Economisch beleid

Economisch beleid

Op deze pagina:

Inleiding

De Europese Unie moet zich inzetten voor een duurzame ontwikkeling van Europa, op basis van een evenwichtige economische groei (artikel 3, lid 3, tweede volzin, EU-Verdrag). Om die doelstelling te bereiken omvat het optreden van de lidstaten en de EU de invoering van een economisch beleid dat gebaseerd is op de nauwe coördinatie van het economische beleid van de lidstaten (artikel 119, lid 1, EU-Werkingsverdrag). De lidstaten blijven zelf bevoegd voor het economisch beleid, maar zij dienen dit beleid wel te coördineren binnen de EU (artikel 5, lid 1, EU-Werkingsverdrag).

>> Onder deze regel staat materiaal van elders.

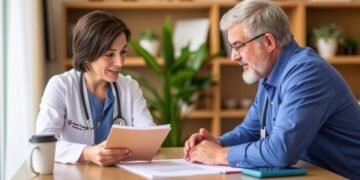 Well-Planned Health Insurance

De lidstaten voeren hun economisch beleid in het kader van de door de Raad vastgestelde globale richtsnoeren en coördineren dat beleid in het kader van de Raad. Bij de uitvoering van hun economisch beleid moeten de lidstaten handelen in overeenstemming met het beginsel van een openmarkteconomie met vrije mededinging, waarbij een doelmatige allocatie van middelen wordt bevorderd (artikel 120 EU-Werkingsverdrag). Daarnaast moeten de lidstaten bij de uitvoering van hun economisch beleid handelen in overeenstemming met een aantal grondbeginselen. Het gaat om de volgende beginselen: stabiele prijzen, gezonde overheidsfinanciën en monetaire condities, en een houdbare betalingsbalans (artikel 119, lid 3 en artikel 120 EU-Werkingsverdrag). 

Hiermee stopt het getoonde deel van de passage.